====== INPUT DATA

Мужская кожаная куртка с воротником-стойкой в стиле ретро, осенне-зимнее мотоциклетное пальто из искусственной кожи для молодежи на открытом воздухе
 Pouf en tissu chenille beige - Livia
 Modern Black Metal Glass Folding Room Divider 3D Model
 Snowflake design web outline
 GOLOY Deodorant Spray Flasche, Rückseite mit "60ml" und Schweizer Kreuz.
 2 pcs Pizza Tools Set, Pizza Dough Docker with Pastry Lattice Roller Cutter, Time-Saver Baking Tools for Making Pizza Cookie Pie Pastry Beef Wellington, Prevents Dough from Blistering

============

- ABOUT THIS EXERCISE -
Copy the listing above. Match every line exactly.

- ANSWER TO THE EXERCISE -
Мужская кожаная куртка с воротником-стойкой в стиле ретро, осенне-зимнее мотоциклетное пальто из искусственной кожи для молодежи на открытом воздухе
 Pouf en tissu chenille beige - Livia
 Modern Black Metal Glass Folding Room Divider 3D Model
 Snowflake design web outline
 GOLOY Deodorant Spray Flasche, Rückseite mit "60ml" und Schweizer Kreuz.
 2 pcs Pizza Tools Set, Pizza Dough Docker with Pastry Lattice Roller Cutter, Time-Saver Baking Tools for Making Pizza Cookie Pie Pastry Beef Wellington, Prevents Dough from Blistering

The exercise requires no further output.